I just finished reading Charles Hudson's The Juan Pardo Expeditions: Exploration of the Carolinas and Tennessee, 1566-1568 (Smithsonian Institution Press, 1990). The book recounts some of the journeys of Spanish explorers in North America in the mid-16th century.

It was almost two years ago that I blogged a piece about the epic journey of Cabeza de Vaca. That book made me want to read more about deSoto and the other Spaniards in North America. Juan Pardo travelled from South Carolina up to North Carolina and then west as far as what is nowadays Johnson City and Knoxville, Tennessee.
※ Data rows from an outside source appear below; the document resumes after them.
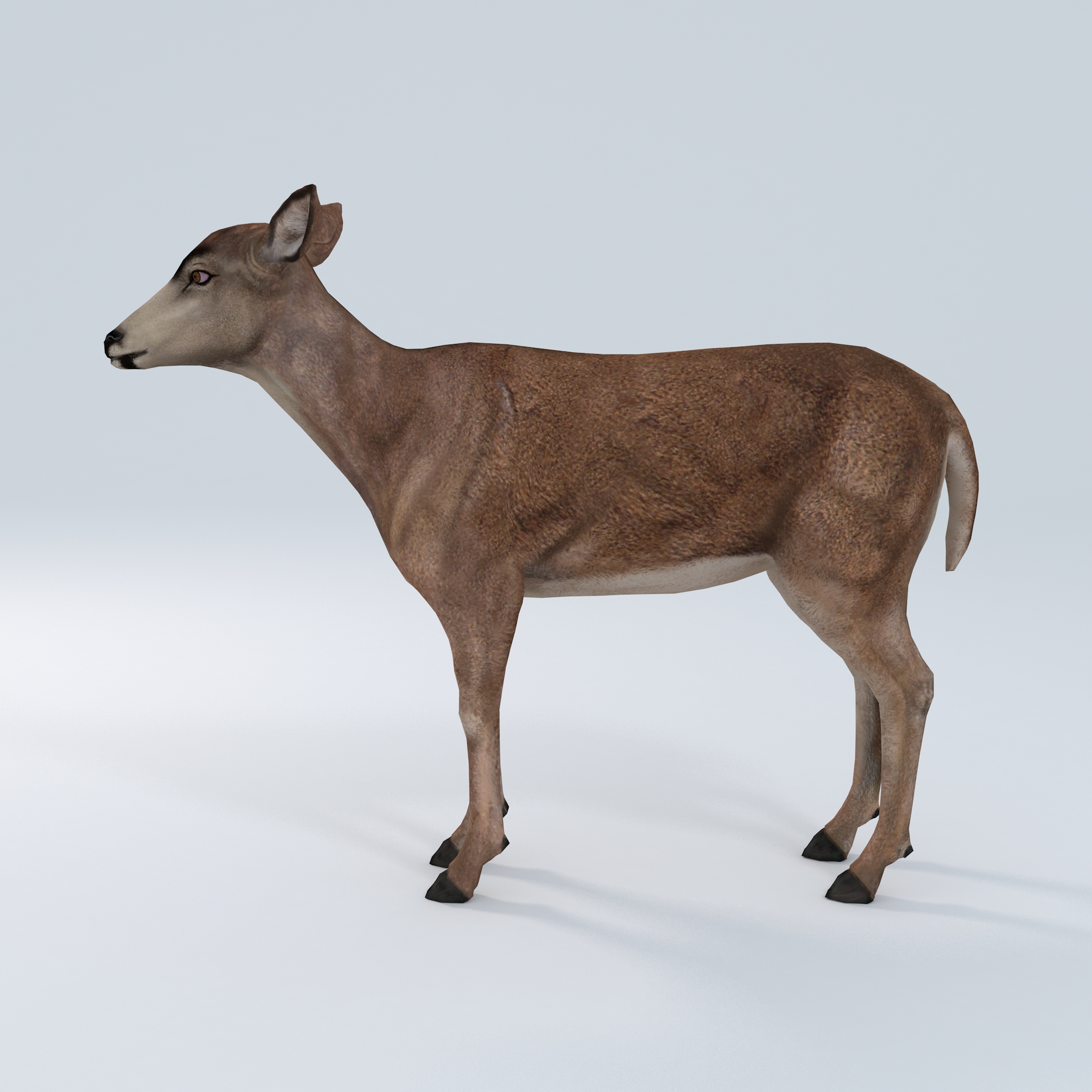 Female Red Deer - 3DCG STORE 3D Models Marketplace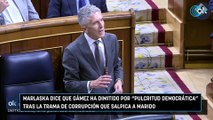 Marlaska dice que Gámez ha dimitido por 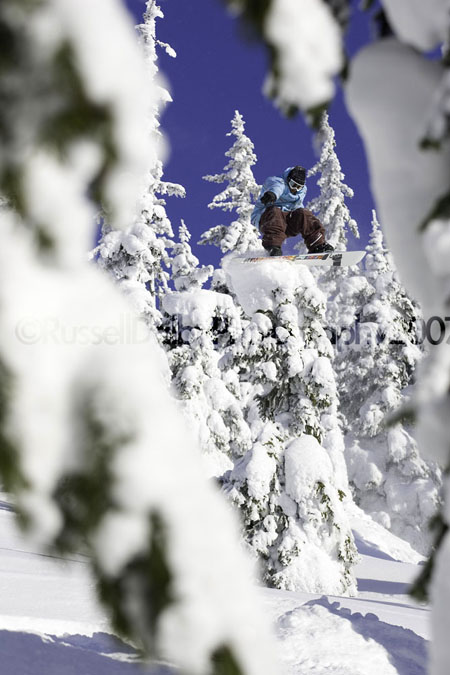 wolle nelsontrees photo by russel dalby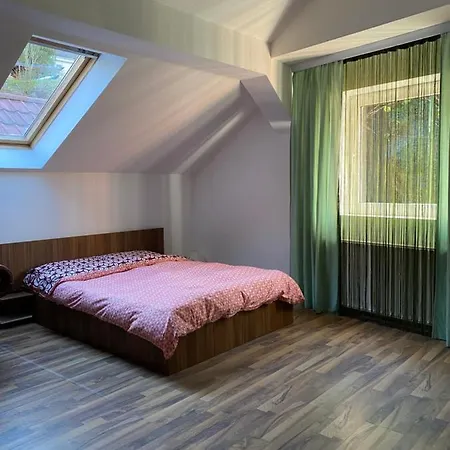 Homestay Zetta Brasov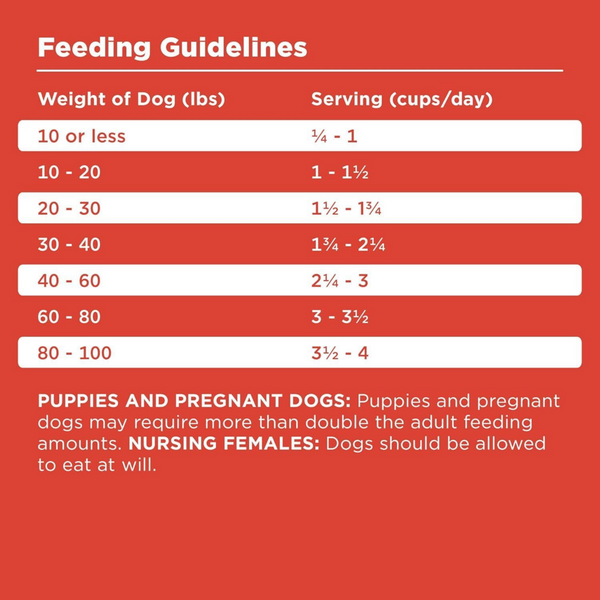 Bixbi Rawbble Freeze Dried Coated Beef Kibble Recipe for Dogs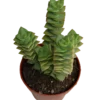 Crassula Perforata Planta Suculenta Colgante Ø8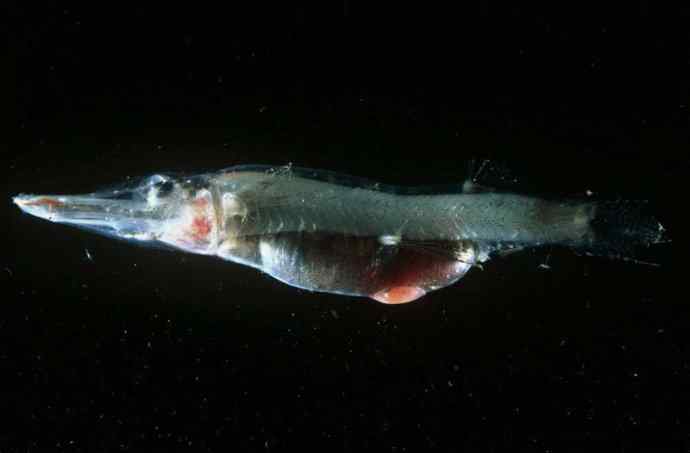 鱼类活化石：长吻银鲛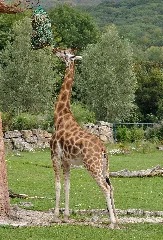 Giraffa Camelopardalis Rothschildi Qtl1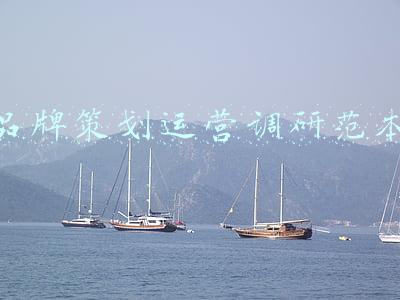 品牌运营策划方案(答疑支招篇：如何策划一场出色的品牌营销？)
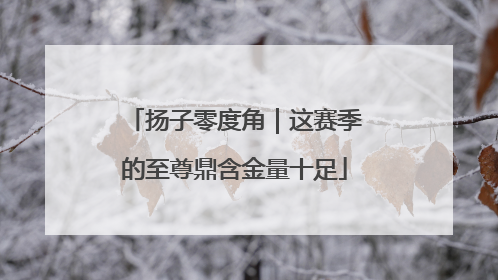 扬子零度角｜这赛季的至尊鼎含金量十足
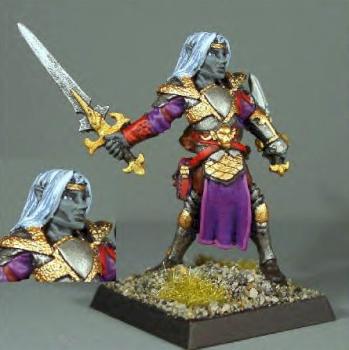 Anduriel, Elf Warrior by Royal Curator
One of the more curious incidents recorded in the book is an ethnographic observation of the local Indians:
"...in Cauchi they saw an Indian man who was dressed as a woman and walking in the company of women. When Pardo asked Cauchi Orata for an explanation he said that the man was his "brother," but because he was not a man for war or for doing the things that men do, he went about as a woman and did a woman's tasks..."
The illustration in the book, reproduced above, is Plate XXIII from the famous set of engravings by Jacques Le Moyne: "Timucuan male transvestites carrying packbaskets of food. Females are shown loading the packbaskets... Photo courtesy of the Smithsonian Institution."

I've not added this book to TYWKIWDBI's list of now 30 recommended books, because the content will probably not be of interest to most readers of this blog, but it would certainly appeal to those with an interest in North American prehistory.